_ No 16 - printemps 2005 Print

Le chômage rapporte

Après les 30 glorieuses, nous avons crû que le plein emploi c'était pour toujours. Le mythe de la civilisation des loisirs nous a empoisonné l'existence. Comme s'il n'y avait qu'un schéma de vie: naître, s'instruire, travailler pour vivre des loisirs obligatoires et mourir. Certains illusionnistes ont lancé le concept de la croissance zéro, voire le retour vers un passé récent, déclaré époque idéale. Que d'illusions perdues.

Malins comme nous sommes, nous avons crû que la Suisse serait toujours un cas à part. C'est le syndrome de nos dernières 200 années d'histoire qui nous ont tenues à l'écart et à l'abri des conflits européens. Nous sommes sous la main de St-Nicolas-de-Flüe et on peut dormir tranquille.

En gagnant 3 francs sur 4 à l'exportation et avec un monde en expansion, l'avenir ne pouvait qu'être rose. On se permettait le luxe de mettre en place des lois restrictives et contraignantes pour notre industrie d'exportation. Les centres de recherche mêmes étaient combattus. Le tourisme, notre troisième industrie, était aussi freiné de tous côtés. Avec la tornade asiatique, le réveil risque d'être brutal. Nous pourrons toujours cirer les chaussures des Chinois en visite chez nous.

Seulement pour le canton de Fribourg, le chômage c'est un budget de 60 millions. imaginez pour la Confédération! Que fait-on avec tout cet argent réinjecté dans le système? Pas grand-chose. C'est le tube d'oxygène qui facilite la respiration d'un malade, le poumon d'acier contraignant. Les études sont là, il nous faut créer plus de 250'000 postes de travail pour retrouver le moral et le plein emploi. C'est loin des 150'000 chômeurs qui nous sont annoncés. Comme nos voisins, nous avons vite appris à tricher avec les statistiques. Mais avec ces magouilles, quel avenir est promis aux jeunes de 20 à 25 ans à la recherche d'un premier emploi? Ils étaient plus de 20'000 en décembre 2004. Cette demande des chômeurs ainsi que des personnes sous-employées représente 13,5 % des travailleurs.
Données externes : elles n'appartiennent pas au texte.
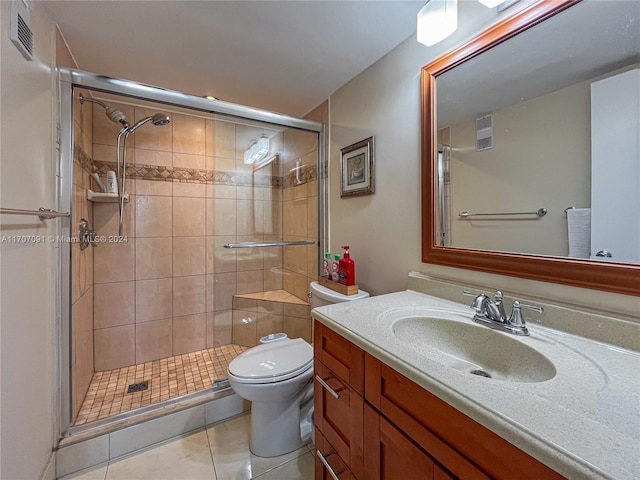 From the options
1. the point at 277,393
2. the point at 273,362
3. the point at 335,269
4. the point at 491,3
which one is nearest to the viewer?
the point at 491,3

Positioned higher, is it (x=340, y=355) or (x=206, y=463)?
(x=340, y=355)

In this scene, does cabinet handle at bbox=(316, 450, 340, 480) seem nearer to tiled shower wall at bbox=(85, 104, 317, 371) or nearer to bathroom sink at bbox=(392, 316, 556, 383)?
bathroom sink at bbox=(392, 316, 556, 383)

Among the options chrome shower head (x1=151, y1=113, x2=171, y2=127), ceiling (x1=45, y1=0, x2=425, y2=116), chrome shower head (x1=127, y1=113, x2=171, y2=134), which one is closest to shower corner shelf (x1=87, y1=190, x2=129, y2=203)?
chrome shower head (x1=127, y1=113, x2=171, y2=134)

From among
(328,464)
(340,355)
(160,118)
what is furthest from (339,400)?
(160,118)

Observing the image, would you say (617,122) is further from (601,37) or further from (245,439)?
(245,439)

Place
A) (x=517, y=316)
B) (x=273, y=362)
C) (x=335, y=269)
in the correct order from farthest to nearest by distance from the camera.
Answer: (x=335, y=269) < (x=273, y=362) < (x=517, y=316)

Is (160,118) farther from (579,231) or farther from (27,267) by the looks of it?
(579,231)

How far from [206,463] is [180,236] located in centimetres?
166

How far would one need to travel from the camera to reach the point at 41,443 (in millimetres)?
1149

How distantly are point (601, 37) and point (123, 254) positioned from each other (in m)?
2.84

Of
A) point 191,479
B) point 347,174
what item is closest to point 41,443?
point 191,479

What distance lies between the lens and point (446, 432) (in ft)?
1.87

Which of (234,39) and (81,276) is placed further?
(81,276)

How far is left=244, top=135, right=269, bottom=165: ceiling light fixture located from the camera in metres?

C'est un potentiel énorme pour augmenter notre productivité si nous faisons preuve de souplesse et de réalisme.

La formation continue doit évoluer. De cerise sur le gâteau réservée aux bons employés elle doit devenir une activité revitalisante et valorisante Chaque ouvrier ou employé motivé devrait avoir accès à un savoir supplémentaire, mais cessons de croire que c'est l'entreprise qui doit paier. Arrêtons de penser qu'une loi, qu'une obligation, augmente automatiquement les compétences des habitants de ce pays. Les programmes d'occupations bidons sont à bannir rapidement. Les chiffres de la réalité genevoise sont là. C'est le canton qui offre le plus aux chômeurs et c'est le canton qui a le plus de chômeurs. II faut être honnête, se recycler, se former, retourner à l'école, c'est un effort. On n'apprend pas en tuant le temps. Quand on parle avec des chômeurs sur le genre de formations qui leur ont été offertes, leurs commentaires sont édifiants. Par vagues, on envoie tout le monde suivre des cours de langues, ou suivre des cours d'informatique, ou des cours pour se mettre à son compte. Sans parler des séances d'information obligatoires sur les droits du chômeur et les cours d'introduction qui nivellent par le bas

Les agences de placement, les offices ou services du chômage, ne créent pas de postes de travail, ou très peu, les leurs. Donc la solution ne viendra que de la reprise économique Notre pays a déjà vécu des heures plus noires mais le moral était meilleur. L'esprit combatif était présent et les Suisses osaient immigrer pour placer leurs compétences. Les sondages, depuis 5 ans, placent l'avenir professionnel comme l'inquiétude numéro un des Suisses. Dans un pays qui est encore dans le peloton des meilleurs, c'est inquiétant ce peu de confiance en soi et dans l'avenir immédiat. Nous vous proposons de passer à l'action en stoppant les rêveurs et remettant l'école (la formation) au milieu du paysage helvétique. Notre matière grise est un filon inépuisable et les personnes qui font l'effort de se former et qui veulent travailler doivent être récompensées. La fable de jean de la Fontaine, "La cigale et la fourmi", thème ringard certes, mais combien vrai, doit être réinscrite au programme primaire.

Loisirs ou formation, pour travailler heureux il faut choisir!